A short response to a tall issue

I’m currently around 6 feet 2 inches barefoot, 180-ish pounds, and am taller than most people I come across.

With that being said, you may be wondering if I’m self-conscious about my height.

Well, the answer is a little more complicated than you might expect.

Growing up, I went to a high school at which the average student height was around 6 foot even. That’s more than the average U.S. male height, which is approximately 5 feet 9 inches.

But Patrick, I thought the average American male height was 5 feet 10 inches? You’ve totally got your facts mixed up.

According to the National Health and Nutrition Examination Survey, which was conducted from 2007 to 2010, the average height for a U.S. adult male is 69.1 inches tall – 5 foot 9 inches, give or take the 4 extra centimeters. That’s one inch shorter than what every doctor I’ve ever visited has said the average male height was!

Why is this important, though?

The answer is simple – almost every single person who claims to be my height is often 1-2 inches shorter than I am.

But why is this the case?

Personally, I think it’s better to answer this question with a contrasting question, rather than a statement.

Have you ever thought of telling people the truth about your height? 

Even if you’re short, wouldn’t you like your possible soon-to-be special-someone to know you are not self-conscious about your body image?

Pretty much everyone I meet seems to add their shoes onto their total height. And let’s be truthful – you probably do it, too.

Nowadays, people are more obsessed about their height than ever before. But there’s a reason for this phenomenon.

Let’s take a step back for a moment.

All people want to be recognized. It’s the human condition. But if someone is in a class of 25, there is only about a 4% chance they’ll be the best student in the class.

As you might be able to tell, judging by this brief example, everyone strives to be noticed, or stand above their peers. And height – above all else – is what people believe differentiates them from everyone.

The same goes for dating.

Let’s say a guy is trying to impress a girl.

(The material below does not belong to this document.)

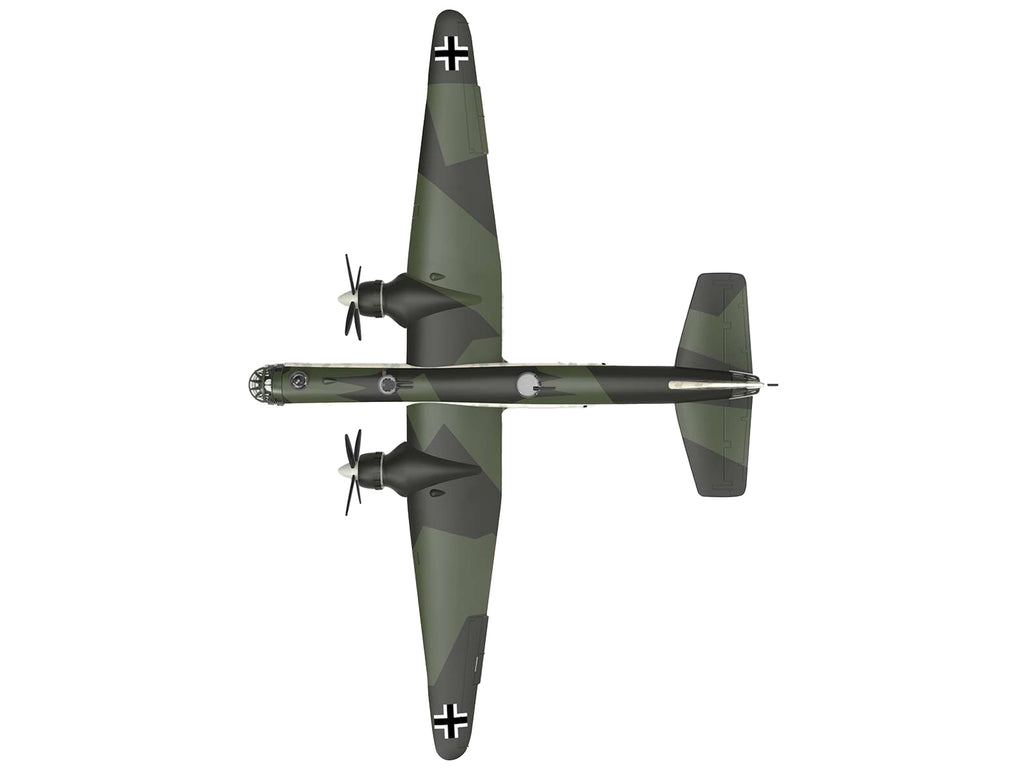 Heinkel He 177 Bomber Aircraft "II./KG 40 Bordeaux France" (1942) German Luftwaffe 1/144 Diecast Model Airplane by Luppa - image 2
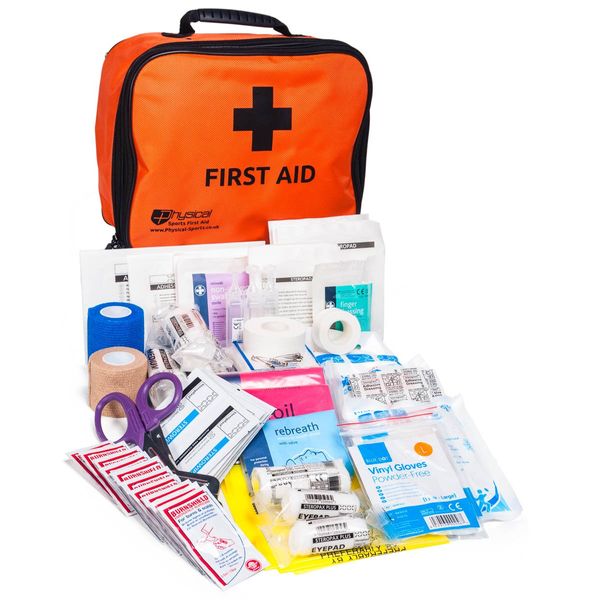Astroturf First Aid Kit in Orange Bag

What’s the first thing that he mentions to her?

His height, of course!

Whether you’re 5 foot 4 inches or 7 feet tall, many people feel insecure about their height. – and insecurity is what drives people to wear 6-inch boots or heels.

From what I’ve observed on campus, there is often only a 5-inch difference between the two partners. And take into account that the average American woman is 5 feet 4 inches, only 5 inches shorter than the average man.

If you do the math, the average couple’s heights, from what I’ve seen, are not too different from one another, although, that’s definitely not the case with every relationship.

With all that being said, am I self-conscious about my height?

To be quite honest with you – yes and no.

I don’t obsess over height, but I get very uneasy when I’m the tallest person in the room. And that happens quite a lot more often than you would expect.

Height is something that is both a gift and a curse. It can either help people gain popularity or become the subject of vicious bullying.

Even though I occasionally feel uncomfortable about my so-called “gift,” I still have a burning desire not to let it get in my way. 

Height doesn’t define who you are – it’s your mindset that does.

And by the way, I play mini-golf, not basketball.